• [What is required]
Output the data word for word, dropping every image.

(Data extract begins)

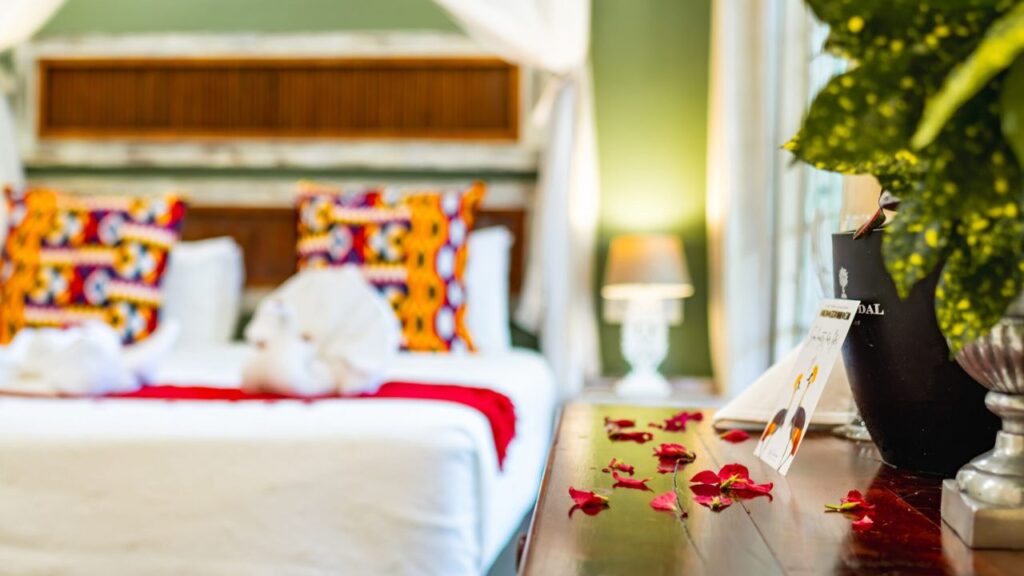 bedroom-at-bayete-guest-lodge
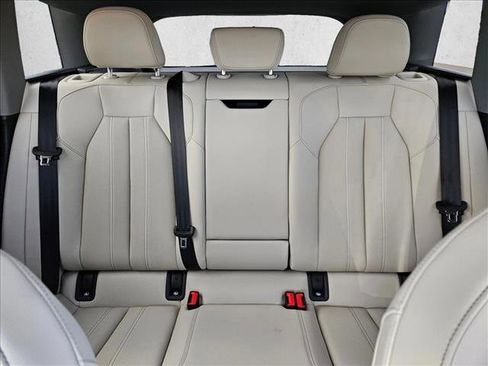 New 2025 Audi Q6 e-tron Premium Plus image 15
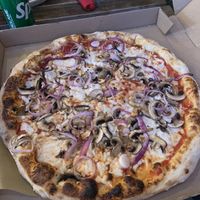 Pizza Manhattan Plant Based  at Green Pizza in Mexico City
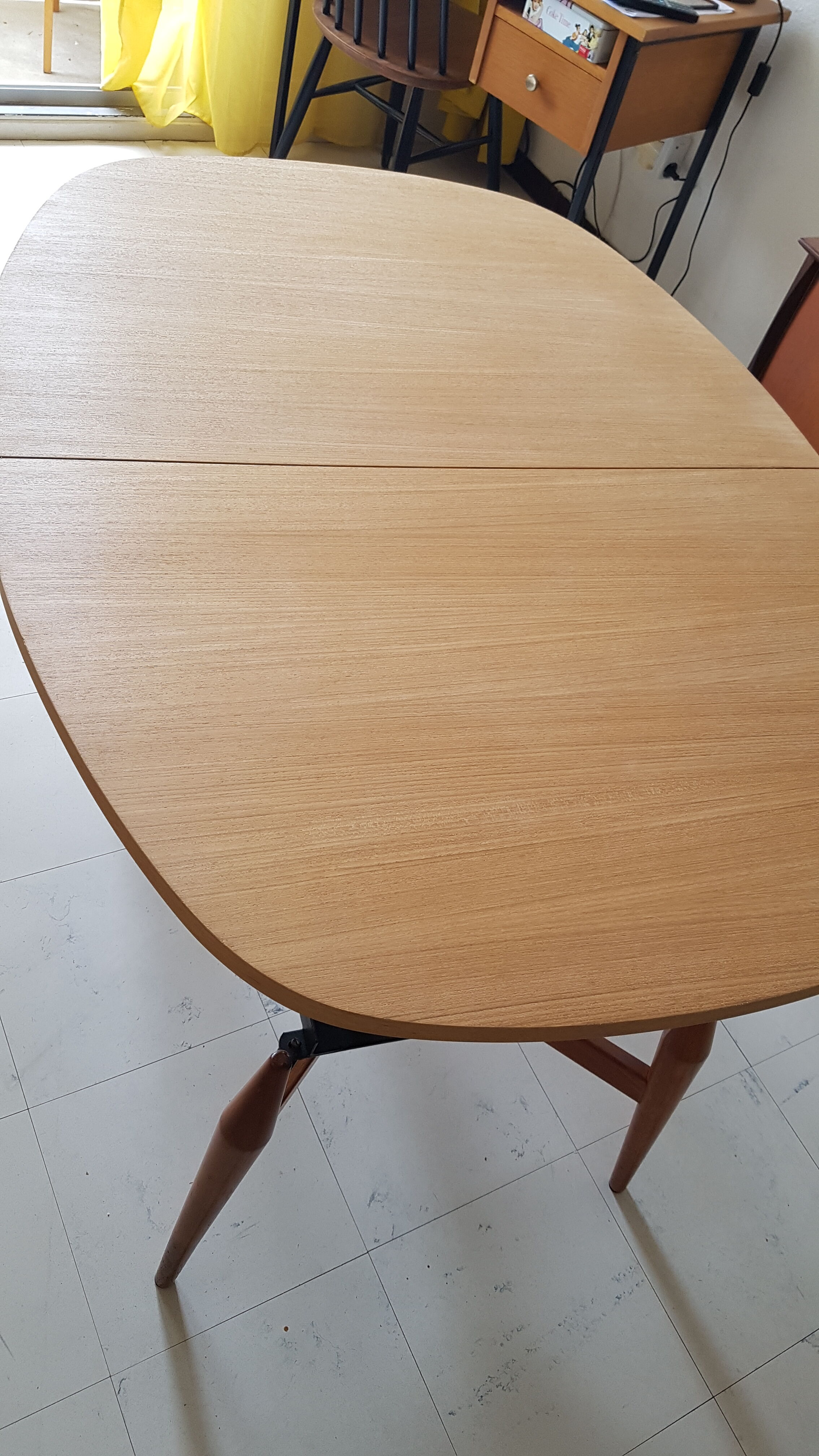 Smorrebrod-style transformable coffee table in teak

(Data extract ends)

• [Task response]
 bedroom-at-bayete-guest-lodge
 New 2025 Audi Q6 e-tron Premium Plus image 15
 Pizza Manhattan Plant Based  at Green Pizza in Mexico City
 Smorrebrod-style transformable coffee table in teak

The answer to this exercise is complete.